*** Opening Data under study ***
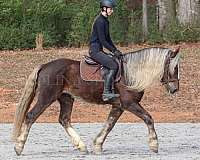 chocolate-percheron-horse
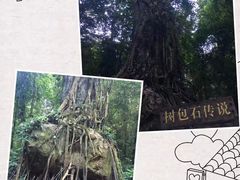 -莫里热带雨林景区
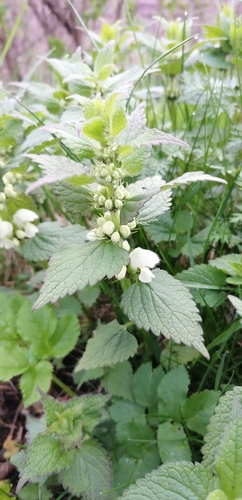 Lamium album (White deadnettle)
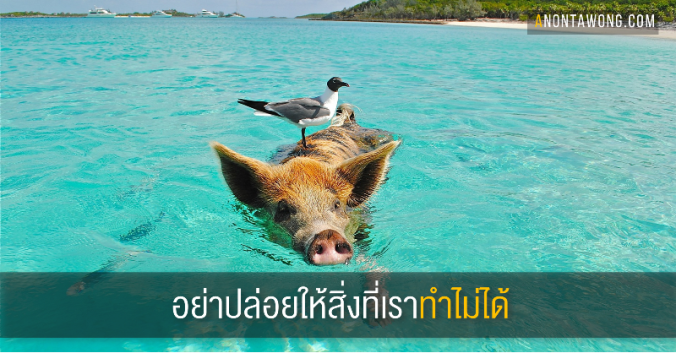 20170501_whatyoucando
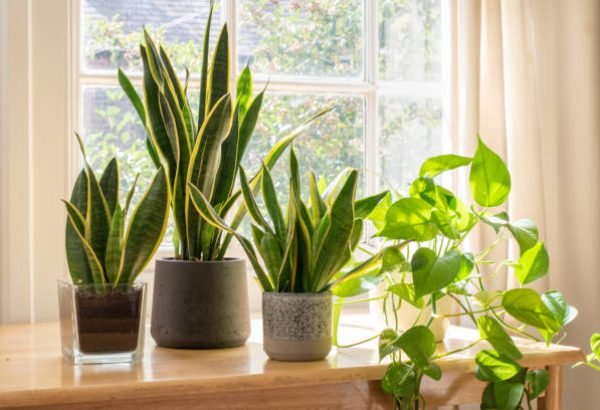 Indoor houseplants next to a window in a beautifully designed home or flat interior.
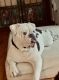 English Bulldog Puppies for sale in Chicago, IL, USA. price: $800
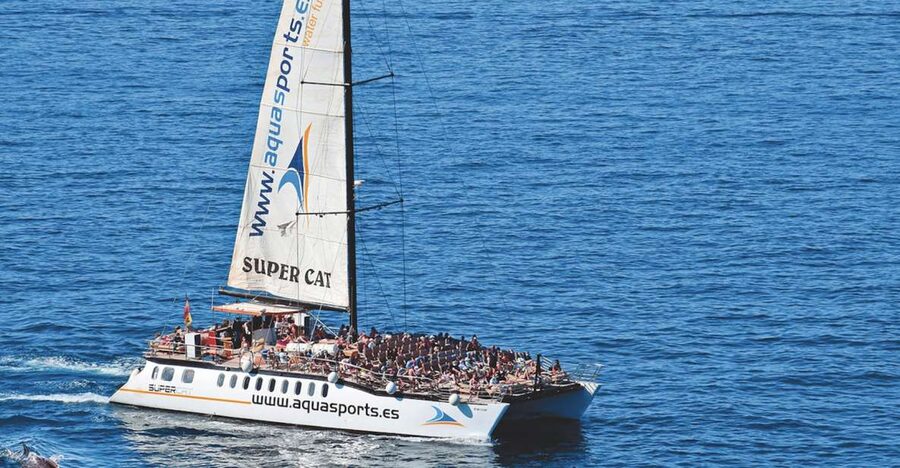 Puerto Rico : 2 hour Dolphin Catamaran Excursion - Key Points Before You Book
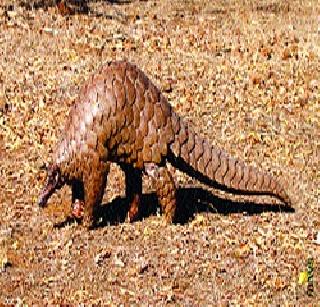 Poor cats in extinction list | खवले मांजर नामशेष होणाऱ्या प्रजातींच्या यादीत Poor cats in extinction list | खवले मांजर नामशेष होणाऱ्या प्रजातींच्या यादीत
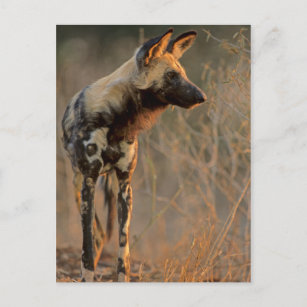 Postal Perro salvaje africano (Lycaon Pictus), Kruger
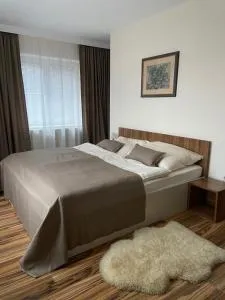 Sobe Djurdjevic - Baziaş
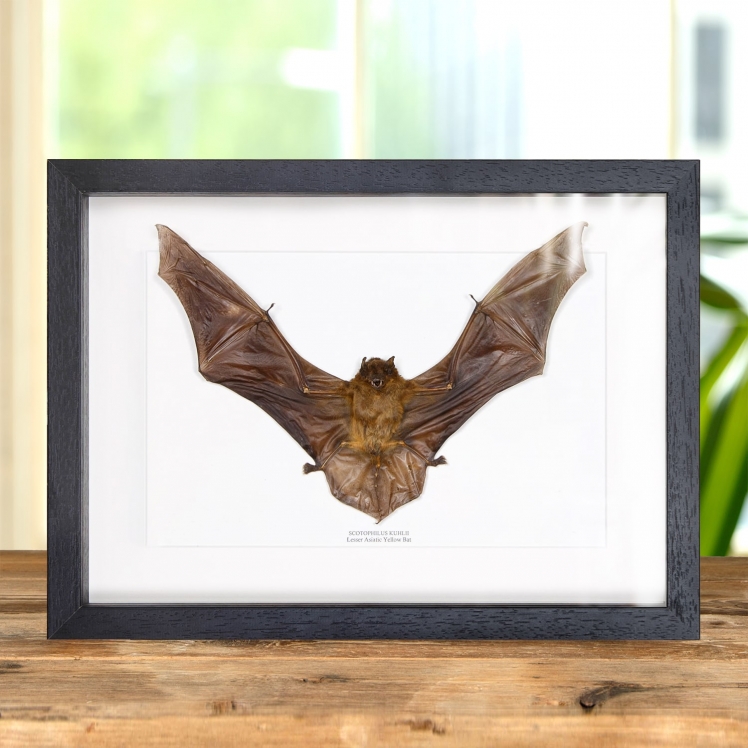 Lesser Asiatic Yellow Bat In Box Frame (Scotophilus kuhlii)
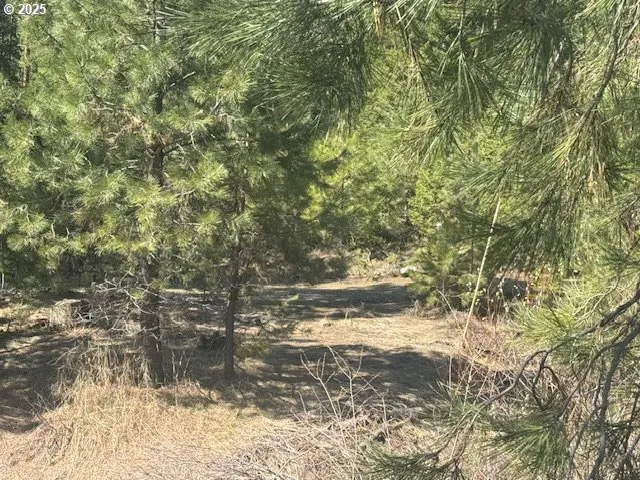 a view of a yard with some trees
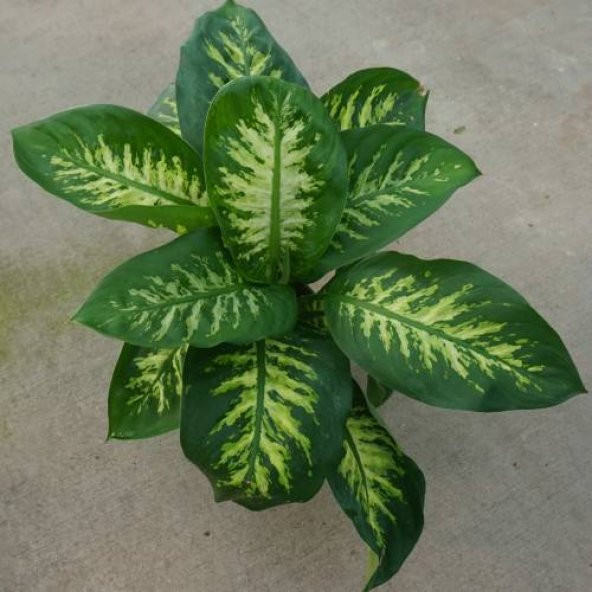 DİFENBAHYA SALON BİTKİSİ 5 ADET - Dieffenbachia Tropic Snow 60-80 - 2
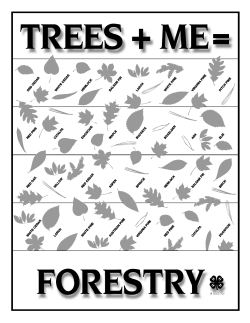 Trees + Me = Forestry - Department of Ecosystem Science and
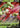 Tsareena V 021/264 Holo V Rare Fusion Strike Pokemon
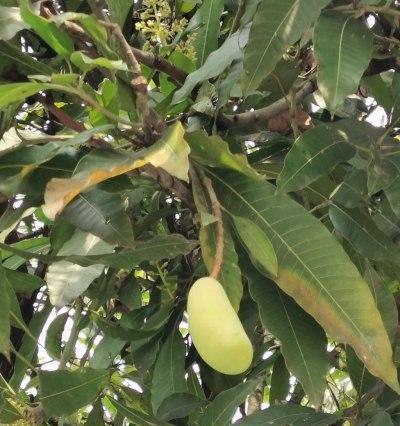 芒果树南方可以种吗？种植条件和注意事项是什么？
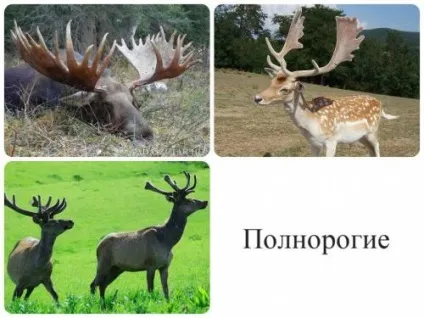 Правила обробки трофейних черепів з рогами - етапи і рецепти з відео рекомендаціями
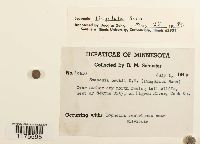 Media resource of Scapania lingulata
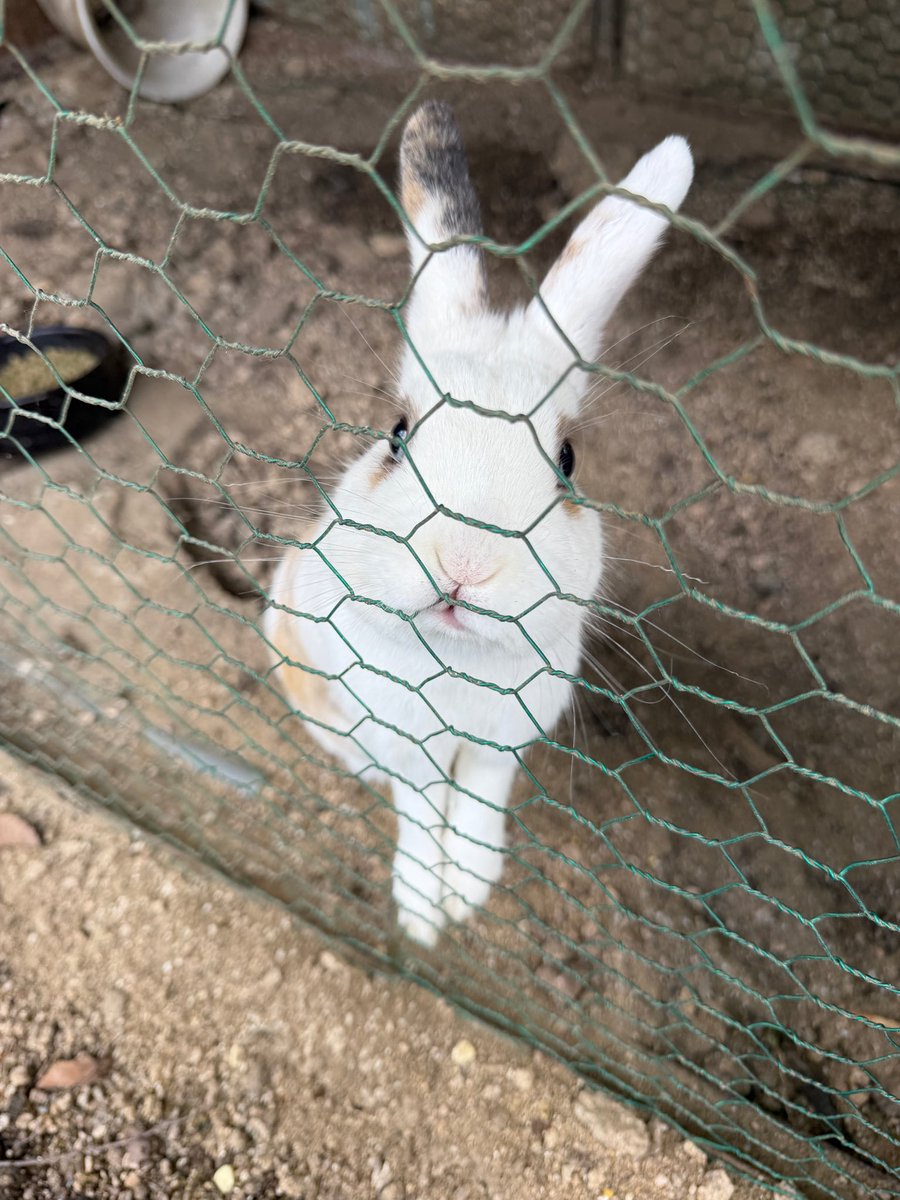 프로미스나인 이채영 관련 팬 커뮤니티 이미지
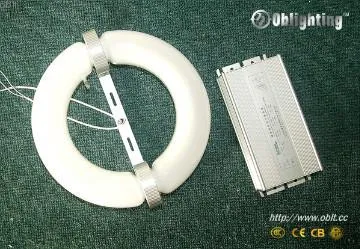 40W~300W circular induction lamp(bulb+ballast)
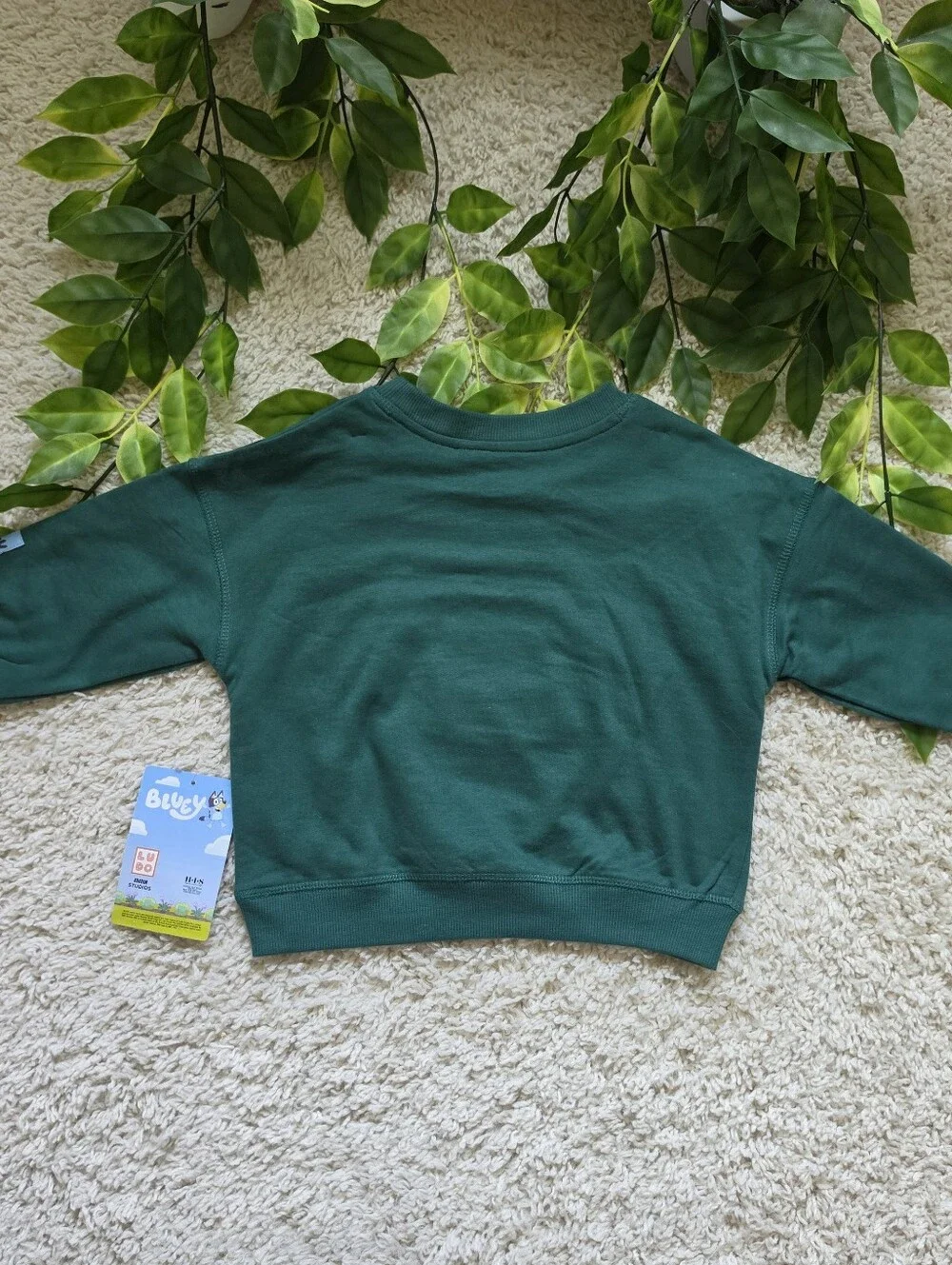 Baby Boy Bluey Christmas Sweatshirt (12-18 Months)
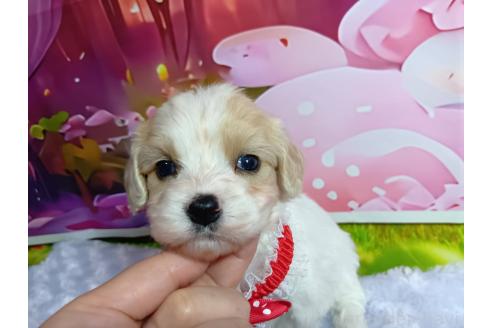 販売中の神奈川県のミックス犬-386699の4枚目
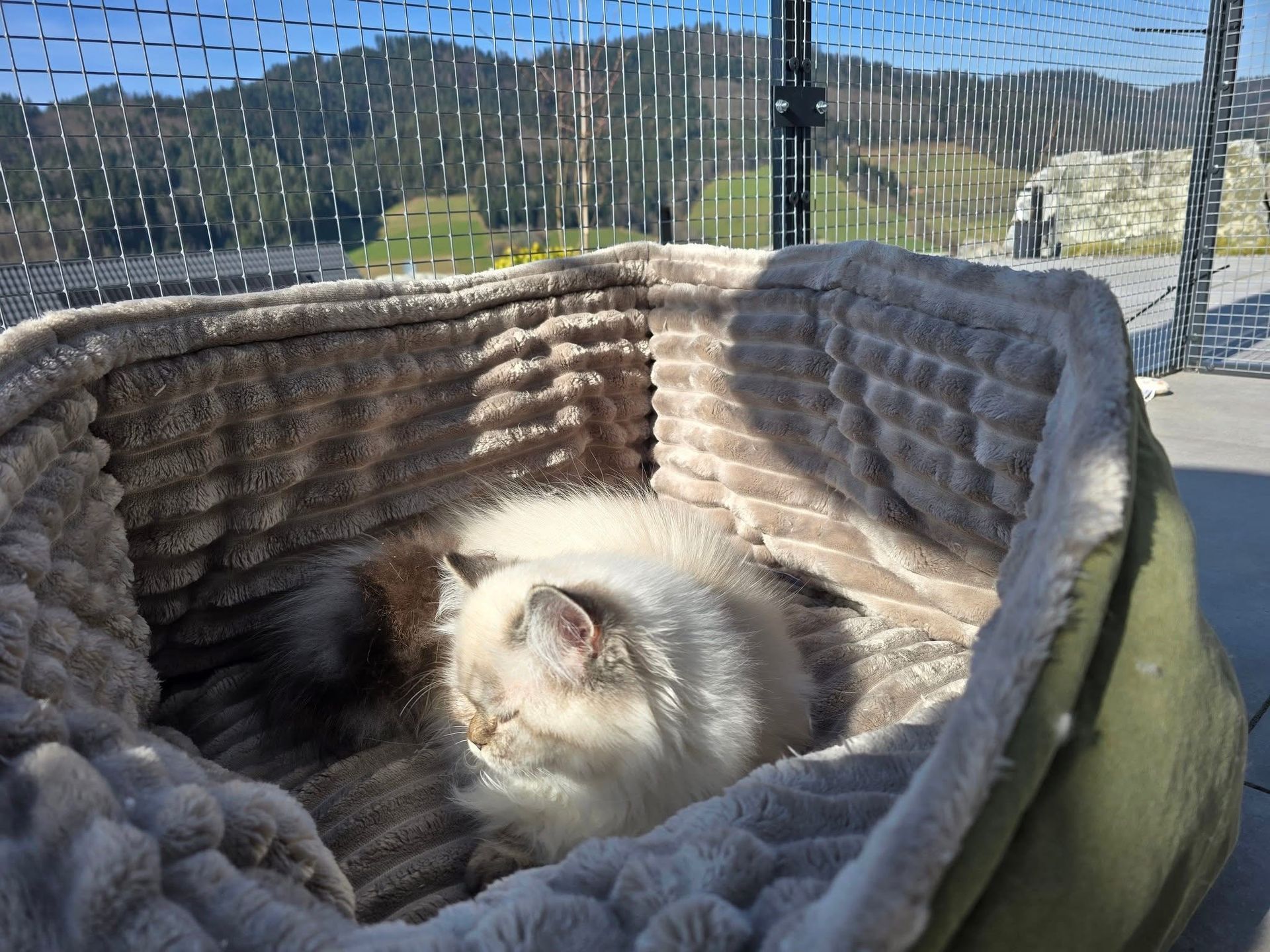 Heilige Birma Katze genießt die Aussicht im gesicherten Außenbereich im Schwarzwald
*** Closing Data under study ***
Would you please reproduce verbatim the run of lines that opens the listing and ends with the line holding "Puerto Rico : 2", and only that run, leaving every picture out?

*Task response*:
 chocolate-percheron-horse
 -莫里热带雨林景区
 Lamium album (White deadnettle)
 20170501_whatyoucando
 Indoor houseplants next to a window in a beautifully designed home or flat interior.
 English Bulldog Puppies for sale in Chicago, IL, USA. price: $800
 Puerto Rico : 2 hour Dolphin Catamaran Excursion - Key Points Before You Book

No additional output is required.